**TASK**
From top to bottom, write out the listing exactly and skip every picture.

**RECORDED DATA**
◆ ◆ ◆ ◆ ◆
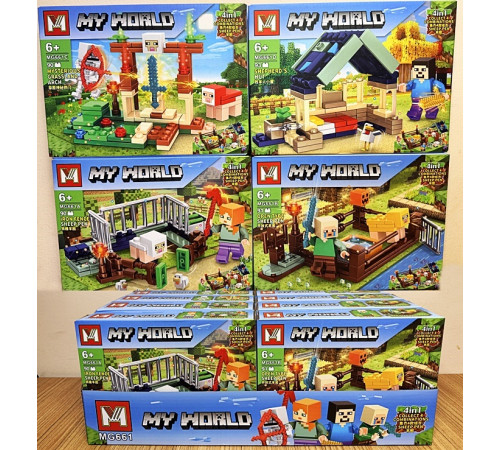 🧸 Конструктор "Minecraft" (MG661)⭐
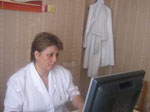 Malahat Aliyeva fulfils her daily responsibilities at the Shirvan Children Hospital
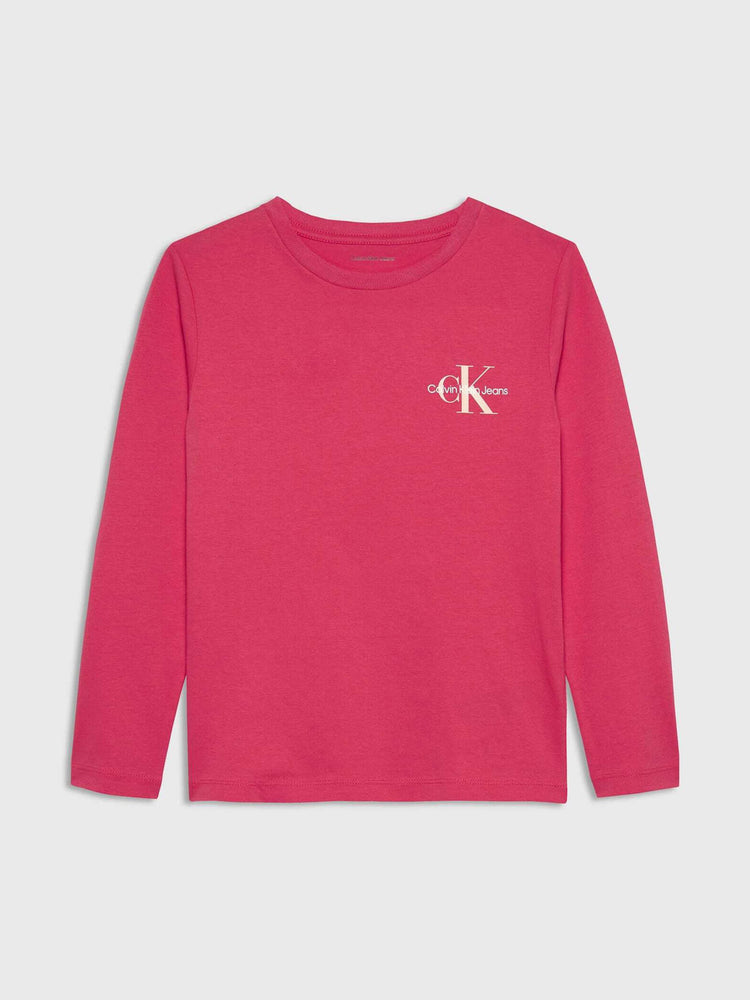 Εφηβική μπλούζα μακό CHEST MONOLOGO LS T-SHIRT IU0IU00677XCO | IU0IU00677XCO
◆ ◆ ◆ ◆ ◆
**SOLUTION FOR THIS EXERCISE**
 🧸 Конструктор "Minecraft" (MG661)⭐
 Malahat Aliyeva fulfils her daily responsibilities at the Shirvan Children Hospital
 Εφηβική μπλούζα μακό CHEST MONOLOGO LS T-SHIRT IU0IU00677XCO | IU0IU00677XCO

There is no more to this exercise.